Another author, Carol Riphenburg, in the journal from Third Quarterly claims that “Afghanistan is out of the globalization mainstream” (Riphenburg, 2006). She follows stating that, “Afghanistan ranks low on all three indicators of political capacity: extractive capability, institutional credibility, and transparency.” And that is why Afghanistan falls out of the globalization mainstream due to those factors. (Riphenburg, 2006)

For the rest of the world globalization includes the internet, cell phones and the latest gadget communications on the daily basis. And for Afghanistan, although not to underestimate that internet and cell phones also have made their way to some of the larger cities of Afghanistan such as Kabul, Mazare-Sharif and Herat, it is still far away from being part of their daily lives. It has not made their daily basis routines because of many factors but primarily due to the fact that people do not have much access to it. Riphenburg backs this up by stating in her journal that “Although Kabul has as many as four telekiosks, housed in post offices and equipped with new computer terminals and internet access, as well as internet cafes, Afghanistan is overall on the negative side of the digital divide” (Riphenburg, page 511, 2006).

A crucial part of this happening is that there is no electricity in many of the regions.

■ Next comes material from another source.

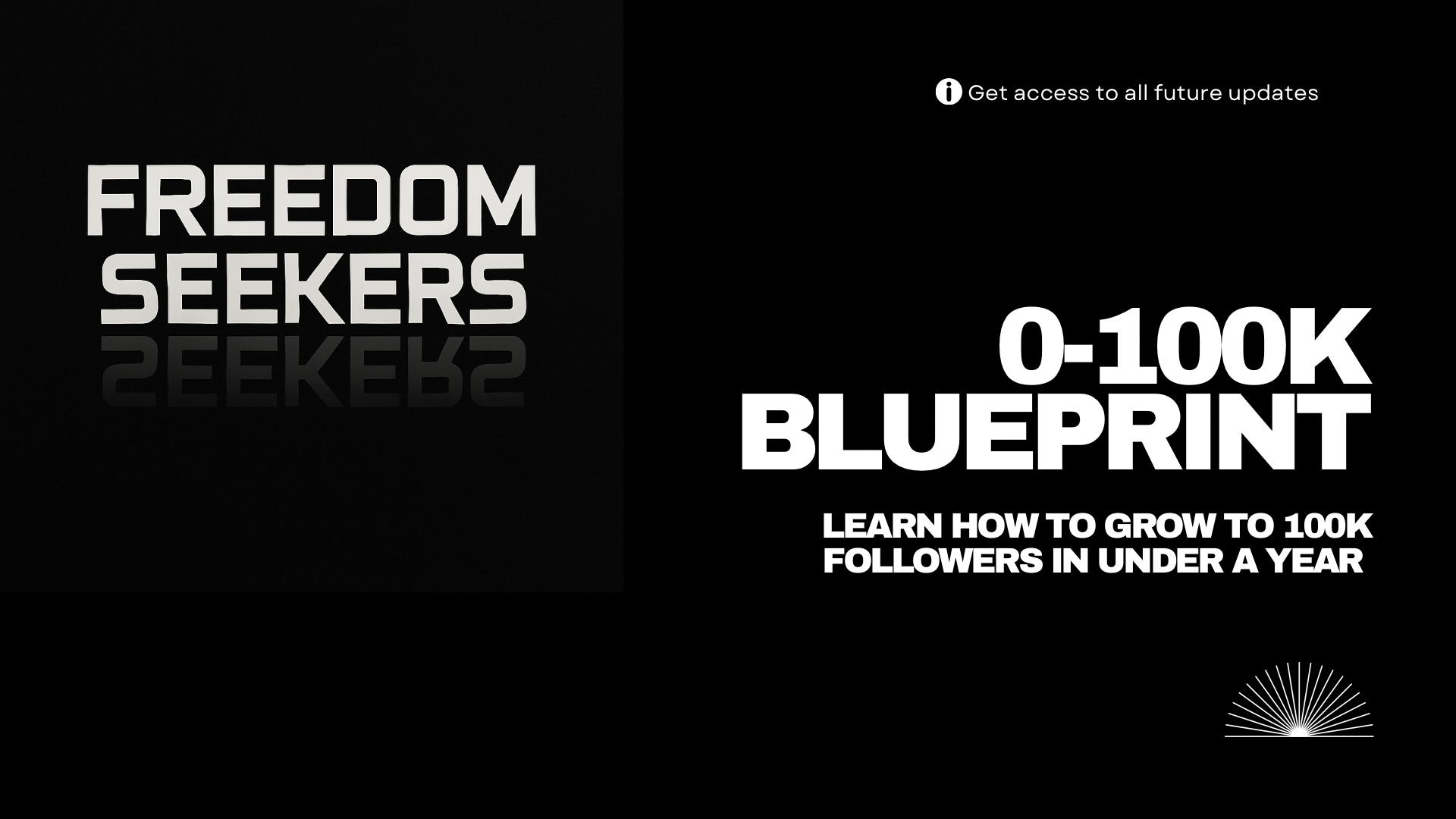 0-100K Blueprint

And even if people do have access to the internet, most of the information that is presented online is in English. People would lack this information because of the inability to read or write or simply being illiterate which is due to substantial lack of education. In Riphenburg’s words this would be described as “Use of the internet requires a rather complex set of skills and technology. At the very least, one must have electricity, a communications line, a terminal capable of interacting across the communications lines, and a reasonable fluency in English” (Riphenburg, 2006).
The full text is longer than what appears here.